Amy has a master's degree in secondary education and has taught math at a public charter high school.

Watch this video lesson to learn how you can use the quadratic formula to solve certain types of problems. Learn what kinds of equations you can solve using this formula as well as how easy it is to use this formula.

## The Quadratic Formula

The quadratic formula (x = (-b +/- sqrt (b^2 - 4ac)) / (2a)) is a famous formula that allows you to solve any type of quadratic equation. A quadratic equation is a second degree polynomial, which means that its highest exponent is 2. An example of a quadratic equation is x^2 + 3x + 4 = 0. You can see that the highest exponent is 2. The usefulness of the quadratic formula is seen when we have a quadratic equation that can't be solved by other methods. When other methods fail, the quadratic formula succeeds. Do your best to remember this formula. ## Standard Form

In order to use the quadratic formula, the quadratic equation must be in standard form. What does this mean? It means that your equation must be written in decreasing order, starting with the term with the largest exponent and then going down based on the exponent. So, your quadratic equation written in standard form will look like this: ax^2 + bx + c = 0 where a, b and c are your values.

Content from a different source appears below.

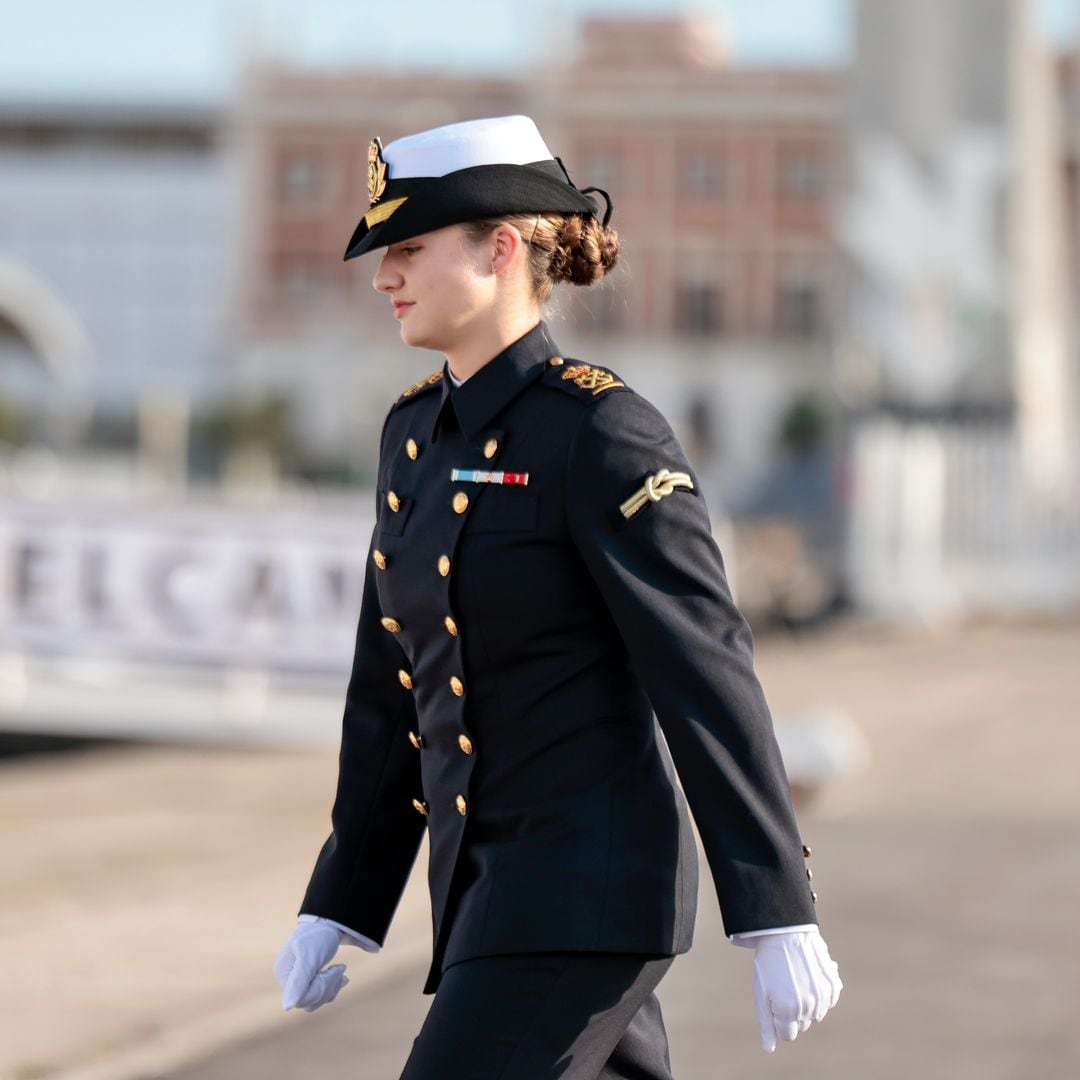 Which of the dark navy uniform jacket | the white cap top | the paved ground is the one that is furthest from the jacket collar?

## Plugging in Your Values

Do you see how these letters are also used in the quadratic formula? Yes, when you write your quadratic equation in standard form, you can easily spot which value is your a value, your b value and your c value. Once you have all three of these values labeled, you can plug these values into your quadratic formula to solve your equation. If you see a missing term, then the letter for that term will be 0.

Let's try an example. Say we have the quadratic 2x^2 + 3x + 1 = 0 that we want to solve. We see that the equation is already written in standard form, so we can go ahead and label our a, b and c. We compare this to the standard form and we find that our a value is 2, our b value is 3 and our c value is 1. Plugging these into our quadratic formula gives us x = (-3 +/- sqrt (3^2 - (4 * 2 * 1))) / (2 * 2).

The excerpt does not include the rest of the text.